# Einbautiefe und Lagerschalenhöhe Steuersatz RaceFace Diabolus



## Bingo79 (30. Januar 2009)

Hallo,

kennt jemand die Abmessungen (Einbautiefe und Lagerschalenhöhe) vom  Steuersatz RaceFace Diabolus? Konne auf der Hersteller-HP nichts finden.
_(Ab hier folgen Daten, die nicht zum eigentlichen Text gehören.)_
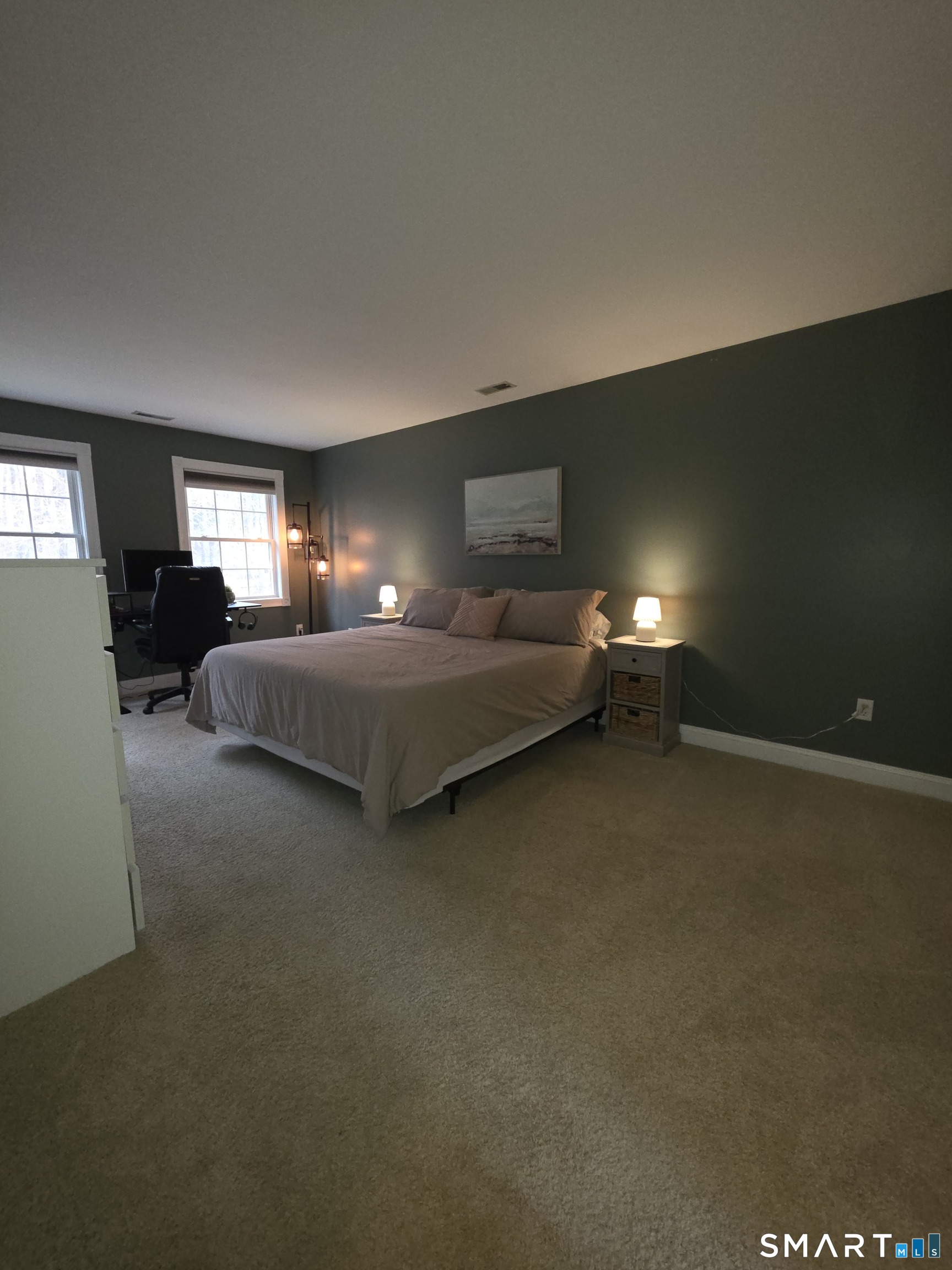 120 Woodbine Road Colchester, CT 06415 - Photo 14 of 24 a bedroom with bed and window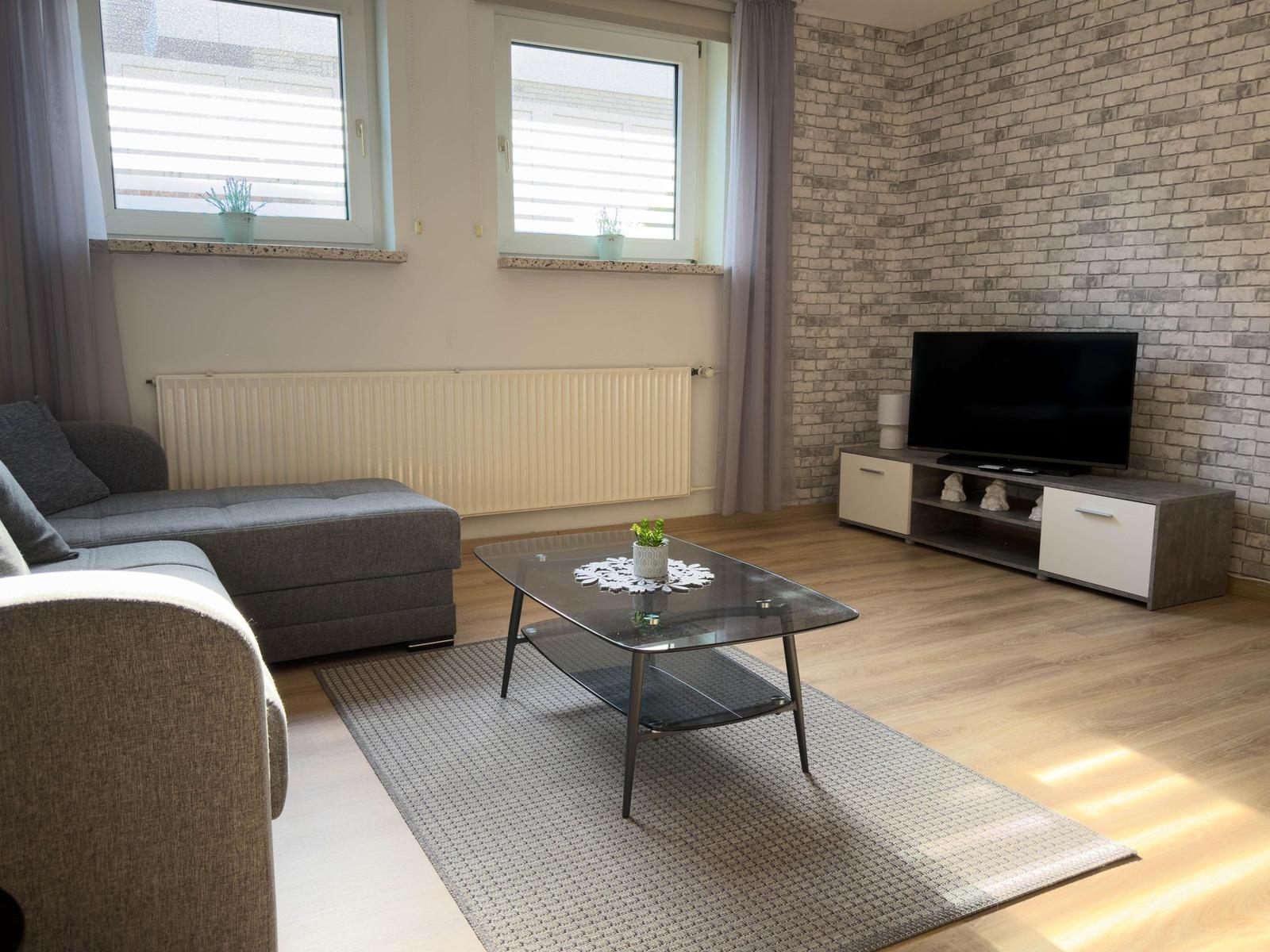 Wohnzimmer mit Sofa, Couchtisch und Fernseher an Ziegelwand.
Hat jemand praktische Erfahrungen zu diesem Steuersatz? Qualität / Haltbarkeit?

Vorab vielen Dank


----------



## Bingo79 (30. Januar 2009)

Bingo79 schrieb:


> Hallo,
> 
> kennt jemand die Abmessungen (Einbautiefe und Lagerschalenhöhe) vom  Steuersatz RaceFace Diabolus? Konne auf der Hersteller-HP nichts finden.
> 
> ...



Hat keiner diesen Steuersatz?

Gruss

Ingo


----------



## MTB-News.de




----------



## blaubaer (31. Januar 2009)

hallo 

reicht Dir das ??


----------



## Bingo79 (31. Januar 2009)

blaubaer schrieb:


> hallo
> 
> reicht Dir das ??



Ja, vielen Dank


----------



## slayerrider (1. Februar 2009)

ich glaube nur das Nicolai Fetset ist noch unzerstörbarer.
Das Ding geht ganz gut, Gewicht ruled dafür nich so.
Aber wenn dir das egal ist.


----------



## Jumper 1 (7. Februar 2009)

Praktisch unzerstörbar
Bevor da was ausschlägt ist dein Steuerrohr geweitet
Aber durch die tiefe einbauweite ist das schwer
Einpresstiefe im Steuerrohr 14 mm


----------